After lunch, I was very much interested in attending another conference by Rony Das on Hacking Android Foreground Services Escalation of Privileges, since I have some context about android internals. Here he uncovered a zero-day on Android 10 or below, that how a very short duration between startForegroundService() and stopForegroundService() can be utilized to access hardware-specific functionality(like GPS location, sound recording, etc.) without the user even knowing it.

As this conference ended, I took a break from the conferences and headed toward the game room for refreshment and also because I was not aware of the context of the next talks going on.

The last day is about to end in 2 and a half hours, so you don't want to miss the remaining conferences. The other two talks were on

  • Pushing security Left, by Mutating Byte Code by Gaurav Goggia - Where he introduced his research work as a new programming language Mutant with main features as the statements stored in the source code is encrypted and decrypted on the fly in the processor, which can help the hiding secrets(like AWS tokens, or any secret API key, etc.) stored in the binary application itself.
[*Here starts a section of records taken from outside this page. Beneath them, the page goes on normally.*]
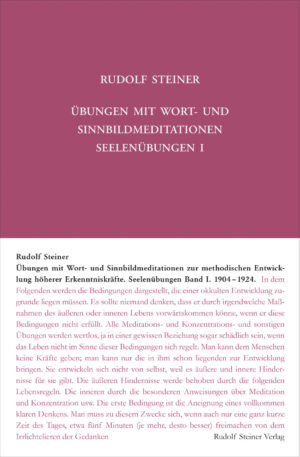 Rudolf Steiner: Übungen mit Wort- und Sinnbild-Meditationen zur methodischen Entwicklung höherer Erkenntniskräfte, 1904-1924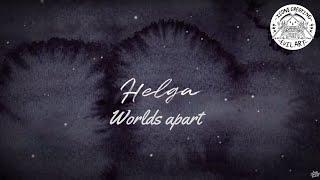 HELGA - Worlds Apart [Official Lyric Video]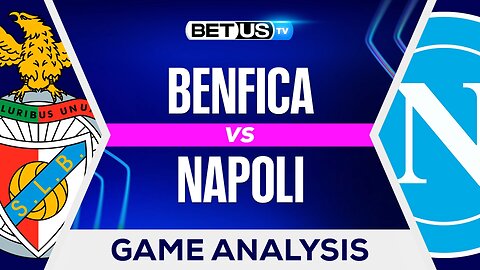 Benfica vs Napoli | Champions League Game Preview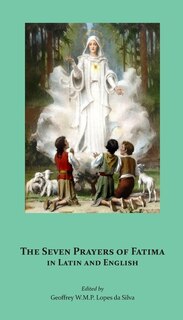 Couverture_The Seven Prayers of Fátima in Latin and English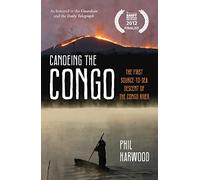 Canoeing the Congo: The First Source-to-Sea Descent of the Congo River
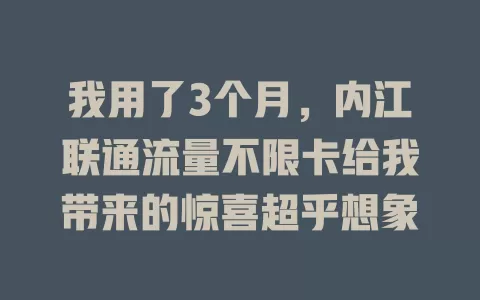 我用了3个月，内江联通流量不限卡给我带来的惊喜超乎想象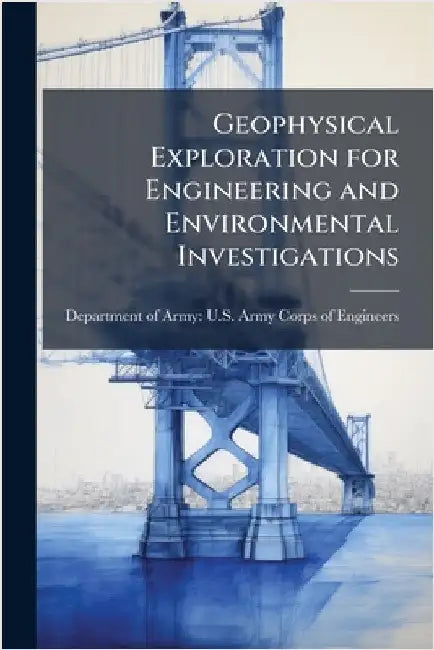 Geophysical Exploration for Engineering and Environmental Investigations by Department of Army U S Army Corps O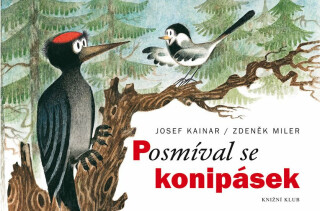 Posmíval se konipásek - Zdeněk Miler,Josef Kainar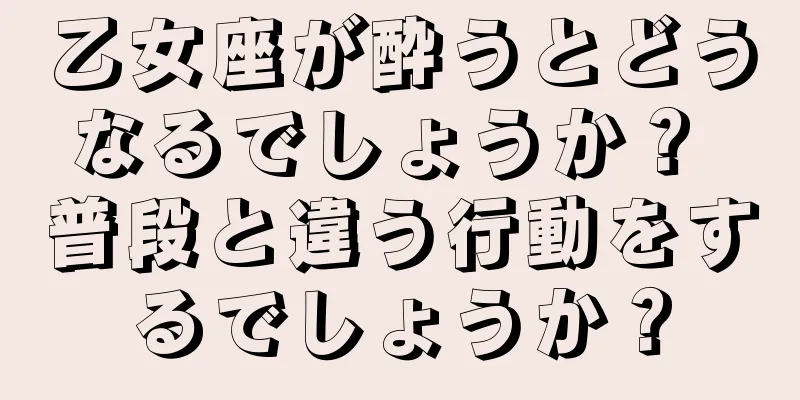 乙女座が酔うとどうなるでしょうか？ 普段と違う行動をするでしょうか？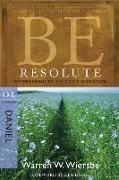 Be Resolute (Daniel)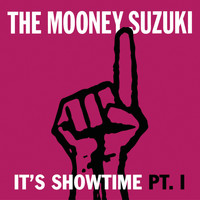 The Mooney Suzuki - It's Showtime Pt. I (Bonus Track)
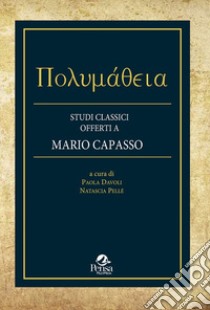 Studi classici offerti a Mario Capasso libro di Davoli P. (cur.); Pellé N. (cur.)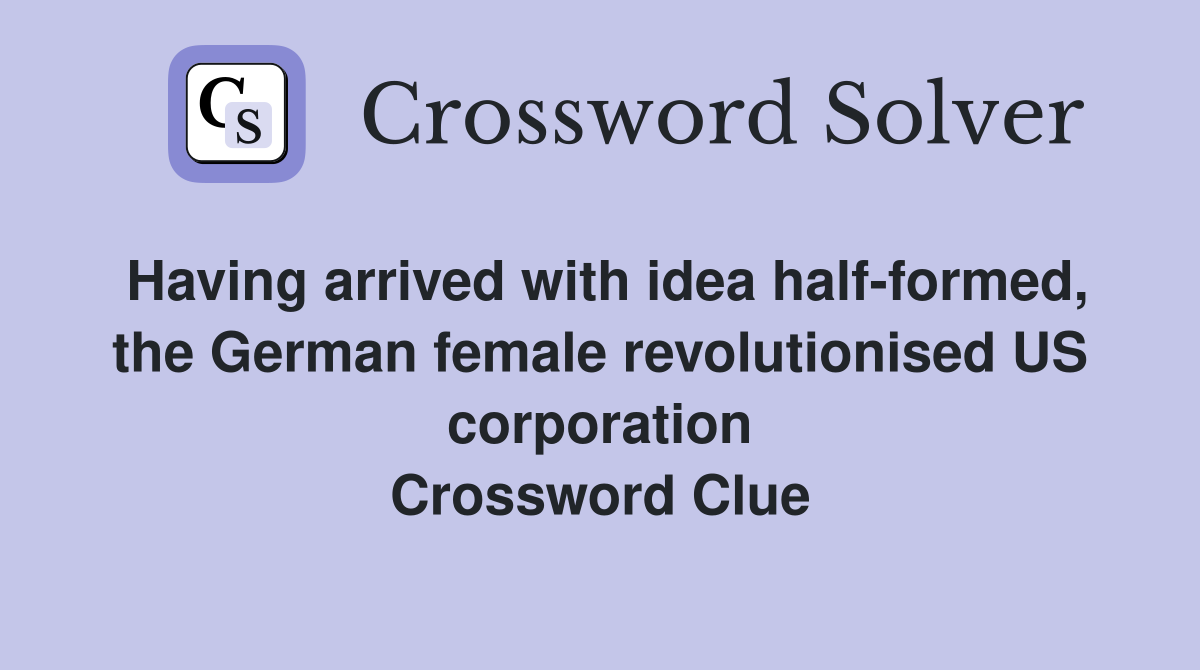 Having arrived with idea half-formed, the German female revolutionised US corporation Crossword Clue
  • And the last one was Unearthing Malicious open-source packages using code provenance analysis by Ashish Bijlani and Devdut Patnaik. They introduced a tool named packj that can identify a malicious package. Malicious actors utilizing open source trust modify(account takeover) or create a similar package(by typosquatting) which users install without verifying and ended up making applications vulnerable to users using them. They offer a SaaS platform also to uncover some other stats and features that packj cmd tool doesn't provide https://packj.dev/

The event ended with prize closing notes and prize distributions of two CTF organized at NULLCON. For Hardwear CTF and Winja CTF. The winner of WINJA CTF can be tracked here https://ctf.winja.site/scoreboard, the one shocking news I get to know is that at end of the day that WINJA CTF is now no more specific to women. To add diversification and be more challenging it is open to all sorts of people in and around the world.

Takeaways

  • Plan ahead of time for any event you want to join since there are many parallel talks and both can be interesting to watch and you might see already a huge rush at some events. And try to find out the Program Guide available at the event reception.
  • How the incorrect configuration of an electron app can lead to RCE-like vulnerability.
  • Kernel Patching is quite a complex process as different vendors are maintaining different versions and some are hardware-specific kernels. So automating the process of analyzing and patching vulnerability by tools like kernel-patchalyzer
  • Attack on 5g networks would be easier to execute as they were more based on top 10 OWASP attacks and can lead to top 10 Telecommunication flavors of OWASP.
  • Never install applications from untrusted sources as they may lead to 0 days. Even application only with permission in the manifest of start foreground service may lead to a critical breach and dispose of your P.I.
  • WINJA CTF now offers diversification, it's no more specific to women.
  • Malicious user may misuse the trust in the open source packages (some of the scenarios was colorjs, requests-python) and create malicious alternative packages that may sound similar. Tools like packj might reduce this to a greater extent.

At last, this event was a great event for meeting old friends, connecting with elite talents, and learning and sharing knowledge.